Eventually, we got the cool parts of the kiln up to a passable ^5-^6, with the middle and top of the kiln at ^7, and we sprayed in the soda ash. Because soda acts as a flux, it makes the pyrometric cones melt more; by the time we were done spraying (~8pm), all of the ^7 cones were totally obliterated.

The last anxiety mode is until-we-unload anxiety, which I didn't realize was on my list until I started dreaming last night:

Some of us (I'm not sure who) sneak over to Cedar Creek to open the kiln--too soon, too soon!--in the pale pink-blue-gold-gray light of early dawn. Other faceless people--strangers--are present on the roof, but we don't want them to see us because we're not really supposed to be there before the gallery opens (liability concerns), plus they'll see us opening the kiln too soon.

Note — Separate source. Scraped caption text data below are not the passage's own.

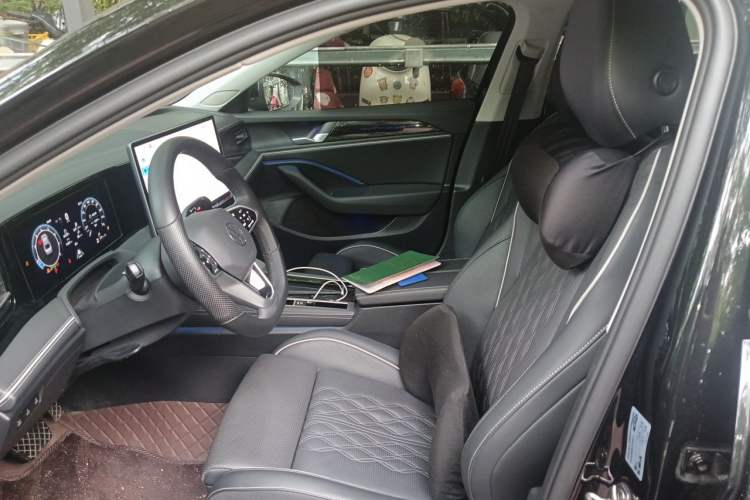 Used Volkswagen Magotan 2024 380TSI DSG Prestige Edition DaMai Package Left Front Seat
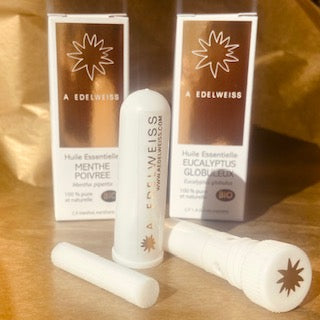 Inhalateur avec mèche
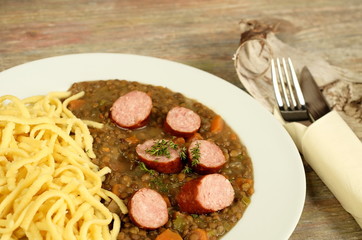Linsen mit Spätzle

They don't appear interested in us, however, because they are busy watching the festive fireworks going off over the distant horizon. In a rustic barn, where we bring the surreptitiously unloaded pots (we know we may look at the pots in the kiln, but we aren't supposed to move them until the whole group is gathered on Thursday; but it's always so hard to resist!), we see that everything is underfired; somehow, even the pots that are overfired are underfired. The sand-papery glazed surfaces have rectangular bits of some unmelted glaze chemical all over them. I forget to check how the slipped surfaces have fared because I am so distracted by the glaze defects. Apparently we also forgot to empty some of the pots when we put in the liner glazes: some of the cups are 3/4 full of unmelted glaze. We can tell, looking down at the pots from our vantage point near the kiln roof (we don't want to climb all the way up onto the roof, lest the fireworks-gazers get suspicious), that the whole load is like that, but because of the cups full of glaze, refiring isn't an option, even though we know no one else will be using the kiln this coming weekend. I am foggily aware that there are a logical inconsistencies in all of this, which causes me to wake up.

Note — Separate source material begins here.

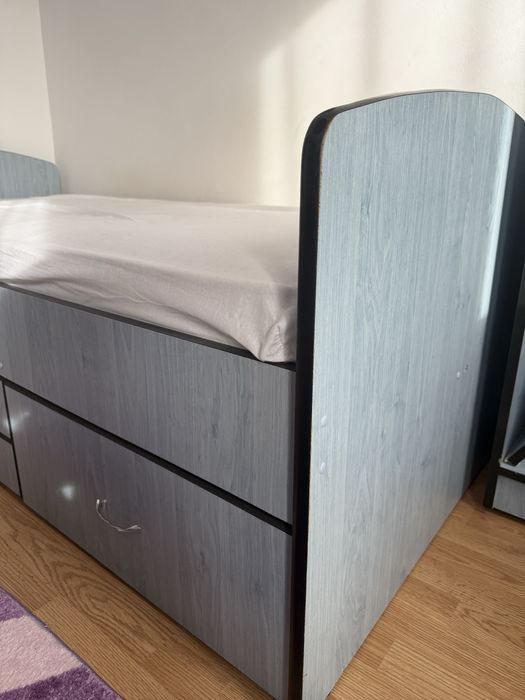 Pat de dormitor pentru o persoana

I might just have to go pull a peep brick on Tuesday to make sure everything looks OK. We unload the kiln on Thursday.

3 comments:

Unknown said...

If you have time, would you please post pictures of the end product? I (and a few others) just fired a small woody to a ^13 and the pieces ended up beautifully. However, one gentlemen who had thoughtfully carved and decoratively glazed all of his pieces; each one ended up cracked or 'slumped'.
Therefore drawing the assumption that firing at a lower cone might not be only beneficial to the amount of wood used and time it takes, but also protecting the pieces from over-firing. (we never reached a true ^13 by the thermocouple reading, but with time, the cones fell at a ^13... I do not think that his pieces slumped due to over firing, but believe the porcelain he had used was not friendly to temperatures over it's true rating).

Liz Paley said...

Hi Tessa,

post-firing photos are here: http://mightoughtashould.blogspot.com/2011/03/unloading.html

and here: http://mightoughtashould.blogspot.com/2011/03/post-firing-debriefing.html.

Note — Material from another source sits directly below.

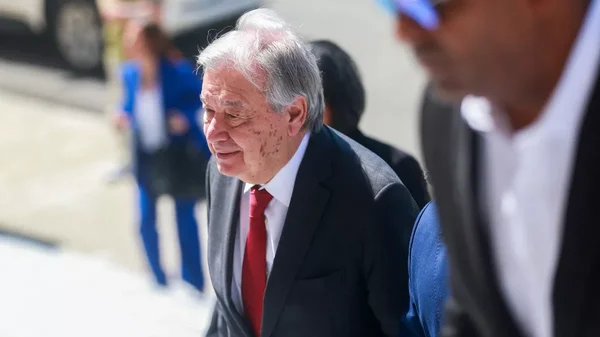António Guterres se déplaçant à l'extérieur lors d'un événement.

For photos/discussion of other wood firings, click on the label "atmospheric firing" (http://mightoughtashould.blogspot.com/search/label/atmospheric%20firing).

We found we only saved a little time and wood firing to ^6 instead of ^10, since we still had to spend a few hours at the end getting the temperature to even out before spraying in the soda; a more efficient kiln might make that easier (the kiln we rented has settled significantly over time and has gaps between a lot of the bricks).

BTW, our group decided the purple crusty stuff (see links above) might have come from the wood we used. We used dismantled pallets obtained by Cedar Creek, and we suspect the wood in this particular batch was treated with metal-laden preservatives. That would account for the directional accumulation of crud.

Good luck with your ^6 wood experiments!

--Liz

degan2011 said...

Hi!
I plan to fire my pots in a wood fire on a camping trip. I was told that wood fires typically reach cone 10 and their clay is rated for cone 6. You post seems to indicate that cone 6 is doable. What do you think?